▸ How to complete this task:
Repeat the data that follows exactly, starting at the line with "So what markers" and ending at the line with "That's all for", and leave out every picture.

▸ Given data:
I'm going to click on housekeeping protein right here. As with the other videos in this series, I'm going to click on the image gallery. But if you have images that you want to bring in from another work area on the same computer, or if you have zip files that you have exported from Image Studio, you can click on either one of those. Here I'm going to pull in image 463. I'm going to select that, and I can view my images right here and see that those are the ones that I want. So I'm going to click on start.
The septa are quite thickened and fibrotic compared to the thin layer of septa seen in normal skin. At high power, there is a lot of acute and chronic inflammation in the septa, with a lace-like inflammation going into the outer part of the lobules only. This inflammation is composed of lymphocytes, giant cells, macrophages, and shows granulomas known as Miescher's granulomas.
--
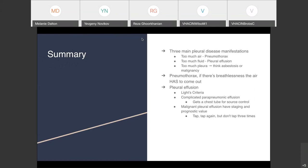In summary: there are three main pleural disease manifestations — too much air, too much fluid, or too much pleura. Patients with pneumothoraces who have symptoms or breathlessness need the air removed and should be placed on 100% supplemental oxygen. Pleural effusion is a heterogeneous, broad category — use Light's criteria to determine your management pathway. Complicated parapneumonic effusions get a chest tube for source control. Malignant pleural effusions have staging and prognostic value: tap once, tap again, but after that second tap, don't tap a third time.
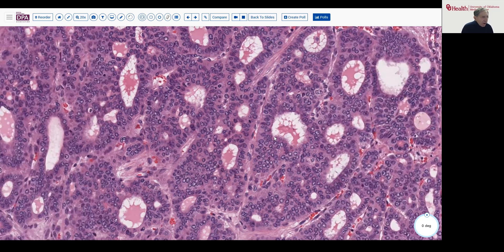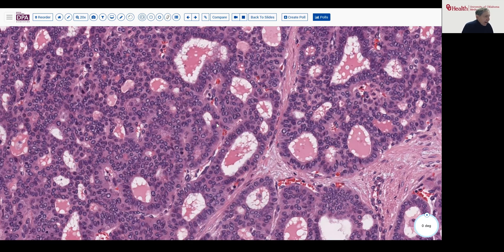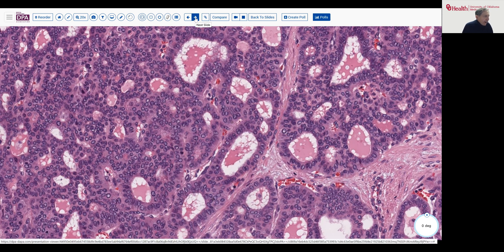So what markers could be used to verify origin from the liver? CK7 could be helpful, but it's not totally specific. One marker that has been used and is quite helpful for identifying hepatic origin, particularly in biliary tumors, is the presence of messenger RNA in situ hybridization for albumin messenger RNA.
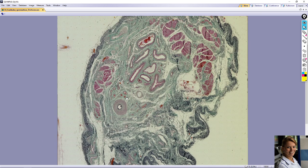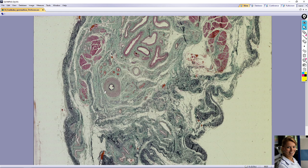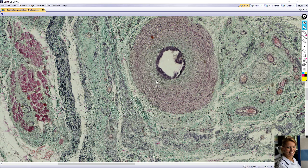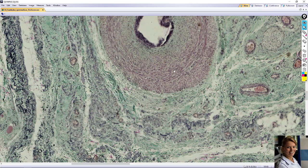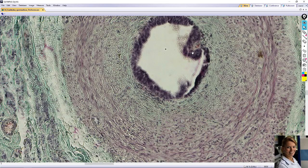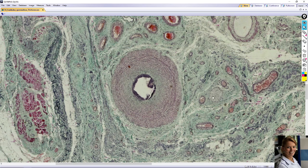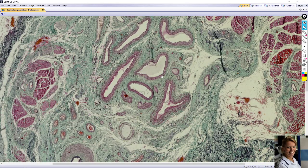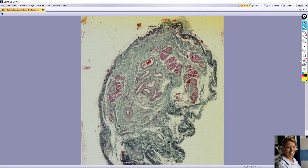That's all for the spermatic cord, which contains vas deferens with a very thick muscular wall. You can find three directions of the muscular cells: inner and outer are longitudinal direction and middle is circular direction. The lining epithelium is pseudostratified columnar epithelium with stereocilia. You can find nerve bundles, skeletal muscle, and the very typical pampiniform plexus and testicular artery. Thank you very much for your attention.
---
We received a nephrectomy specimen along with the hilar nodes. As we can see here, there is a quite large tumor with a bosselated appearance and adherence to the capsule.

▸ Result for this task:
So what markers could be used to verify origin from the liver? CK7 could be helpful, but it's not totally specific. One marker that has been used and is quite helpful for identifying hepatic origin, particularly in biliary tumors, is the presence of messenger RNA in situ hybridization for albumin messenger RNA.
That's all for the spermatic cord, which contains vas deferens with a very thick muscular wall. You can find three directions of the muscular cells: inner and outer are longitudinal direction and middle is circular direction. The lining epithelium is pseudostratified columnar epithelium with stereocilia. You can find nerve bundles, skeletal muscle, and the very typical pampiniform plexus and testicular artery. Thank you very much for your attention.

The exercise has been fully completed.